The question above relates to some unusual behavior from a journal editor. As background, I [Liebowitz] have been engaged in a long running dispute regarding the analysis contained in an influential paper published in one of the top three economics journals, the Journal of Political Economy, in 2007. That paper was written by Harvard’s Felix Oberholzer-Gee and Kansas’s Koleman Strumpf and appeared to demonstrate that piracy did not reduce record sales. I have been suspicious of that paper for many reasons. Partly because the authors publicly claimed that they would make their download data public, but never did, and four years later they told reporters they had signed a non-disclosure agreement (while refusing to provide the agreement to those reporters). Partly because Oberholzer-Gee is a coauthor with (the admitted self-plagiarist) Bruno Frey of two virtually identical papers (one in the JPE and one in the AER) that do not cite one another. But mostly because OS have made claims that they either knew were false, or should have known were false.

Although I have been critical of OS (2007) since its publication, it was not until September of 2016 that I published a critique in one of the few economics journals willing to publish comments and replications, Econ Journal Watch (EJW). [I also have a replication of a portion of their paper not reliant on their download data, that is currently under review at a different journal.] The editors of EJW invited Oberholzer-Gee and Strumpf (OS) to submit a response to my critique, to be published concurrently with my critique, but OS instead published their defense in a different journal,Information Economics and Policy (IEP, an Elsevier journal behind a paywall).

OS’s choice of IEP was not surprising. Among other factors, the editor of the journal, Lisa George, was a student of Oberholzer-Gee (he served on her dissertation committee), had coauthored two papers with him, and listed him as one of four references on her CV. IEP clearly fast-tracked the OS paper—it was first submitted to the journal on October 13, and the final draft, dated October 26, thanked three referees and the editor. The paper was published in December, although it often takes over a year from submission to publication in IEP.[1]

I had spent years attempting to get OS to publicly answer questions about their paper, so I was delighted that OS finally publicly defended their paper. Their published defense still left many questions unanswered, however, such as why the reported mean value of their key instrument was four times as large as its true value, but at least OS were now on the record, trying to explain some of their questionable data and results.

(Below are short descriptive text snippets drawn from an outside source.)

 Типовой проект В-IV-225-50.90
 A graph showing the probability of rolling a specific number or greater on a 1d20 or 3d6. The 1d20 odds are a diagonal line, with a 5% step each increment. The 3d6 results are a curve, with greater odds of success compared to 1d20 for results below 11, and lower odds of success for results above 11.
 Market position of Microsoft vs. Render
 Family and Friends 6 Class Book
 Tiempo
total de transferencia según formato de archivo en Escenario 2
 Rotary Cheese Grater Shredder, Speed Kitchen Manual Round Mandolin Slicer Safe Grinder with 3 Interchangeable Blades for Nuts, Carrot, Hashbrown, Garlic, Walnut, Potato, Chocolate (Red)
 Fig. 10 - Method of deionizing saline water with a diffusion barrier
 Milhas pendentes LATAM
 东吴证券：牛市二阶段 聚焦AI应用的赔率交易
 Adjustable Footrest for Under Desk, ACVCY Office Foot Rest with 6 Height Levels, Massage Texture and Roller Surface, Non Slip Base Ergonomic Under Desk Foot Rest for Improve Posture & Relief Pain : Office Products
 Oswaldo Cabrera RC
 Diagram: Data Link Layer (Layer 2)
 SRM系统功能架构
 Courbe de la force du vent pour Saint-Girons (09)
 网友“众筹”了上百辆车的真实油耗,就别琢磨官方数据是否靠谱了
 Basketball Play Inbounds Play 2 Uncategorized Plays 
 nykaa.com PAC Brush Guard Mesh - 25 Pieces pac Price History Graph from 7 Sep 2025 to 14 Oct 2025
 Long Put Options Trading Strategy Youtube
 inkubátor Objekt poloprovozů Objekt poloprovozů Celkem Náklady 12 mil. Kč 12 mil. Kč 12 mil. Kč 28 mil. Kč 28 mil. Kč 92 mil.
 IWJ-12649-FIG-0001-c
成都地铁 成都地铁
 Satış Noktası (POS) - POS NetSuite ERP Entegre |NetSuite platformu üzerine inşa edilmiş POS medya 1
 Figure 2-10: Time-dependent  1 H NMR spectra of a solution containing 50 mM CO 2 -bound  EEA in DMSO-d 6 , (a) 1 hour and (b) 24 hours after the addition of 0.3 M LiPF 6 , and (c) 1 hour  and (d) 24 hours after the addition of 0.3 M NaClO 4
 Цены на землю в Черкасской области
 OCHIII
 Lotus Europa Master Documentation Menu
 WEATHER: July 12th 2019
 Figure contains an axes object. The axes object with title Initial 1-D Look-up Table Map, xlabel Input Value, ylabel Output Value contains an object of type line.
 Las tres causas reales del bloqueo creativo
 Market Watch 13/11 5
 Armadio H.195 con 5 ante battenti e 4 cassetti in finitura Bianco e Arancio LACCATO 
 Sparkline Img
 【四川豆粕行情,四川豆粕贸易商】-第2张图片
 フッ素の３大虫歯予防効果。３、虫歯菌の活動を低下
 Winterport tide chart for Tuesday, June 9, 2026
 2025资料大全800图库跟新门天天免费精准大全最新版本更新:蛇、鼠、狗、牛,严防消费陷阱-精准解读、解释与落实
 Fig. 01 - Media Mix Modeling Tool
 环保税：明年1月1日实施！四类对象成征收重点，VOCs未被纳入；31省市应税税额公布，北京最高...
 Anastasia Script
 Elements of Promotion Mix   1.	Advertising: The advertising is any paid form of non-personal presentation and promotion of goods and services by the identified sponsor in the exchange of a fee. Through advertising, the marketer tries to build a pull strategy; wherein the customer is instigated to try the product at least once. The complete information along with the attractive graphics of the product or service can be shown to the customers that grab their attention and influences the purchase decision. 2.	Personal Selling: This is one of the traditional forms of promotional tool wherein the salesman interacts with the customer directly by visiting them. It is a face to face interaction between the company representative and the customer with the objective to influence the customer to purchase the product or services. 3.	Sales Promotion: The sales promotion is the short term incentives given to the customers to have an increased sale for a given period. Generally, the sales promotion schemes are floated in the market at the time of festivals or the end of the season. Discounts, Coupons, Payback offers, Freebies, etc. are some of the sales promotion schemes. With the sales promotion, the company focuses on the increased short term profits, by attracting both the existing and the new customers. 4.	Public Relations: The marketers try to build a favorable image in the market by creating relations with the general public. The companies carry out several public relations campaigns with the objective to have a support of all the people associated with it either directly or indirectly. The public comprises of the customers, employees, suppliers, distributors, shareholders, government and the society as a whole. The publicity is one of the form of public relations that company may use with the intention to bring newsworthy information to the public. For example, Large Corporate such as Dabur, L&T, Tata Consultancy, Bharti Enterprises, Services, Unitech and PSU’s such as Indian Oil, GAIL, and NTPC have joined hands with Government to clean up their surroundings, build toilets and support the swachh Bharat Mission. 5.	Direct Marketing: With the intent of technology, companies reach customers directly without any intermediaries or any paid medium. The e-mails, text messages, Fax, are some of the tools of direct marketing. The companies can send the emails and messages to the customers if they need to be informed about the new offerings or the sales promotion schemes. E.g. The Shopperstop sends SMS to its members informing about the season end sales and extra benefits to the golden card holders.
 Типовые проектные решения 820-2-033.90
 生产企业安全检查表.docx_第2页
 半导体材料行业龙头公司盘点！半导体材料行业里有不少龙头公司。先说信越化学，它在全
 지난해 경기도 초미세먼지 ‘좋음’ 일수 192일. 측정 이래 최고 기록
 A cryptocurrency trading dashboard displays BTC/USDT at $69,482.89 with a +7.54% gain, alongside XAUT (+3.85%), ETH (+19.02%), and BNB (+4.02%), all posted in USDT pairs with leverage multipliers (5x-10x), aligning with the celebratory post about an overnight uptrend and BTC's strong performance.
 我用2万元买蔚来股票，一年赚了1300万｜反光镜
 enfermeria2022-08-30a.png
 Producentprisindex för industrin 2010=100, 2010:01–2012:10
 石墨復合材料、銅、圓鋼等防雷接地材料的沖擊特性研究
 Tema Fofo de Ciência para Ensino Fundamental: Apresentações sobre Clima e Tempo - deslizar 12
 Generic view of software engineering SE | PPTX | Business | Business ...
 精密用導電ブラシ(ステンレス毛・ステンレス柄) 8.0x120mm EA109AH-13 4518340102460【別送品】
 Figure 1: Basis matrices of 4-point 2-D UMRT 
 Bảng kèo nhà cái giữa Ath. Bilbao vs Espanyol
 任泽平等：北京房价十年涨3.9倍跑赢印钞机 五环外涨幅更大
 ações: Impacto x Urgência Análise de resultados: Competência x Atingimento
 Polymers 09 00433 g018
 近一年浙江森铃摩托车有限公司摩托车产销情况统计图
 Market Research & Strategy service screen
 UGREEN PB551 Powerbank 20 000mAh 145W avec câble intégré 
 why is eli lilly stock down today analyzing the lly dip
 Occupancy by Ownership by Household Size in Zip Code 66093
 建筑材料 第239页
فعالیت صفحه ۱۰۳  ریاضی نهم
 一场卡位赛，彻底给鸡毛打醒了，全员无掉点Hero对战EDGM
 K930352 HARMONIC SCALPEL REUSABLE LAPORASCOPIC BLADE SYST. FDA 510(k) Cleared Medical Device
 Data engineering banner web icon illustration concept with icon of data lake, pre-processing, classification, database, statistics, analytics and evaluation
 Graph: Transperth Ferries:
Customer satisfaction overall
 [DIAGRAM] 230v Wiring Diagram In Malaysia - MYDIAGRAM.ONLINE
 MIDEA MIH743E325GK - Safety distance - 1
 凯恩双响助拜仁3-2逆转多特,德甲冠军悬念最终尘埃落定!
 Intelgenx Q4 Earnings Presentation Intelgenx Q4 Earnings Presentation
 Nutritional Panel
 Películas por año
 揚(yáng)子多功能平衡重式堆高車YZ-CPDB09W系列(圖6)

As a critic of their work, I took their published defense as a vindication of my concerns. Although their defense was superficially plausible, and was voiced in a confident tone, it was chock full of errors. For example, in EJW I had noted that OS’s data on piracy, which was the main novelty of their analysis, exhibited unusual temporal variability. I knew that OS might claim that this variability was a byproduct from a process of matching their raw piracy data to data on album sales, so I measured the variability of their raw piracy data prior to the matching process, and included a paragraph in EJW explicitly noting that fact. Yet in IEP, OS mischaracterized my analysis and claimed that the surprisingly large temporal variability was due to the matching process. Not only was their claim about my analysis misleading, but their assertion that the matching process could have materially influenced the variability of their data was also incorrect, which was clearly revealed by visual inspection of the data and a correlation of 0.97 between the matched and unmatched series. The icing on the cake was their attempt to demonstrate the validity of their temporal data by claiming a +0.49 correlation of their weekly data with another data set they considered to be unusually reliable. In fact, the correct correlation between those data sets was ‑0.68 (my rejoinder provides the calculations, raw data, and copies of the web pages from which the data were taken). All these errors were found in just the first section of their paper, with later sections continuing in the same vein.

After I became aware of the OS paper in IEP, I contacted the IEP editor and complained that I had not been extended the courtesy of defending my article against their criticisms. Professor George seemed to understand that fair play would require at least the belated pretense of allowing me to provide a rejoinder:

I welcome a submission from you responding to the Oberholzer – Strumpf paper and indeed intended to contact you about this myself in the coming weeks.

She also seemed to be trying to inflate the impact factor of her journal:

As you might be aware, IEP contributors and readers have rather deep expertise in the area of piracy. I would thus [ask] that in your response you take care to cite relevant publications from the journal. I have found that taking care with the literature review makes the referee process proceed more smoothly.

The errors made by OS in IEP seemed so severe that I thought it likely that IEP would try to delay or reject my submission, both to protect OS and to protect the reputation of IEP’s refereeing process. Still, I had trouble envisioning the reasons IEP might give if it decided to reject my paper.  I decided, therefore, to submit my rejoinder to IEP but to avoid a decision dragging on for months or years, I emphatically told Professor George that I expected a quick decision, and I planned to withdraw the submission if I hadn’t heard within two months.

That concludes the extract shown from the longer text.